Die erste Linie des neuen, künftig noch erweiterbaren Netzes erschließt als moderne Niederflurbahn wichtige Bezirke des Stadtgebiets auf einer Länge von 11,7 km von der Haltestelle Sclessin/Standard bis Coronmeusse und Breussoux (Liège Expo) im Nordosten. Sie verläuft teilweise straßenbündig, größtenteils jedoch auf einer eigenen Trasse mit Rasengleis an vielen Stellen. An Kreuzungen sorgt Ampelpriorität für eine zügige Fahrt. Insgesamt werden 23 Haltestellen bedient. Oberleitungsfreie Abschnitte gibt es zwischen den Haltestellen Blonden und Général Leman, Opéra und Curtius (Gegenrichtung: Pont Maghin bis Opéra) und zwischen Droixhe und Pont Atlas sowie zwischen Droixhe und Parc Reine Astrid (letztere nur als Betriebsverbindung).

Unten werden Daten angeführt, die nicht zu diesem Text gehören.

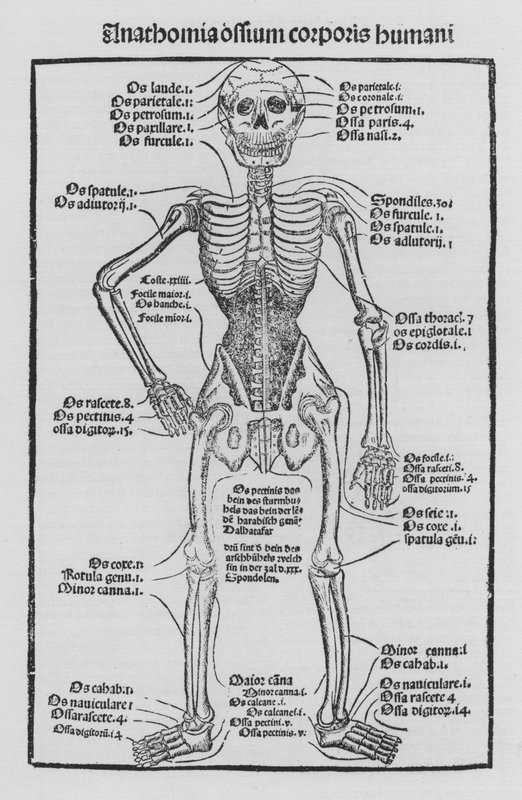 Sirurgia Kitabı, Hieronymus Brunschwig by German School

Eine weitere Karte findet sich unter: https://www.urbanrail.net/eu/be/liege/liege.htm
Ende 2018 begannen die Bauarbeiten, im Oktober 2023 begannen die Probefahrten, die im August 2024 auch das Zentrum erreichten (wir berichteten HIER). Die Bauausführung und den anschließenden Betrieb für 27 Jahre hat das Tram’Ardent Konsortium übernommen, das sich aus Colas Belgium, Colas Projects, Colas Rail Belgium, CAF Investment Projects – einer Tochtergesellschaft des spanischen Schienenfahrzeugherstellers Construcciones y Auxiliar de Ferrocarriles (CAF) – und dem niederländischen Investmentfonds DIF Infrastructure V zusammensetzt. Die Projektkosten werden in Höhe von 430 Mio. EUR werden im wesentlichen (380 Mio. EUR) im Rahmen eines Public-Private Partnership Agreements (PPP) dem Konsortium in verschiedene Tranchen erstattet, unterstützt durch Zahlungsmodalitäten, die z.T. in abhängig vom erreichten Betriebs- und Unterhaltungsstandard ausgestaltet sind.


Die Eröffnung
Der endgültige Eröffnungstermin wurde mehrfach verschoben, doch das ist nun hoffentlich bald vergessen: Am 25. April 2025 weihten – neben zahlreichen anderen Gästen – Willy Demeyer, Bürgermeister der Stadt Lüttich, François Desquesnes, wallonischer Minister für Mobilität, Territorium, Infrastruktur und lokale Behörden, Robert De Groot, Vizepräsident der Europäischen Investitionsbank, Michel Rucquois, Geschäftsführer von Tram’Ardent, und Jean-Michel Soors, Geschäftsführer TEC, das neue System offiziell ein, und seit heute, dem 28. April, früh gegen 4.20 Uhr fahren die neuen Bahnen planmäßig im 5-6 Minuten-Abstand auf der Strecke. Der Ansturm war den ganzen Tag über groß, was auf eine hohe Akzeptanz unter der Bevölkerung hoffen lässt. Am 29. April müssen die Menschen in Lüttich allerdings schon wieder einen Tag auf die Tram verzichten, ausgelöst durch einen angekündigten Generalstreik im Verkehrswesen.

Die Fahrzeuge
Zum Einsatz kommen 20 siebenteilige, 45,4 Meter lange und 2,65 Meter breite Niederflurzüge des spanischen Herstellers CAF. Sie bieten 310 Fahrgästen Platz, davon 62 auf Sitzplätzen. Die ersten davon sind schon seit 2022 in der Stadt (siehe: https://www.urban-transport-magazine.com/liege-die-erste-bahn-ist-eingetroffen/ ) und erlauben den Betrieb auf den genannten oberleitungsfreien Abschnitten. Bei künftigen Erweiterungen sollen weitere Züge beschafft werden. Allerdings wurden kürzere Verlängrungsoptionen an den beiden äußeren Endpunkten erst im vergangenen Jahr aus Budgetgründen abgelehnt. Lüttich will gleichzeitig ein Bus Rapid Transit (BRT)-Netz auf.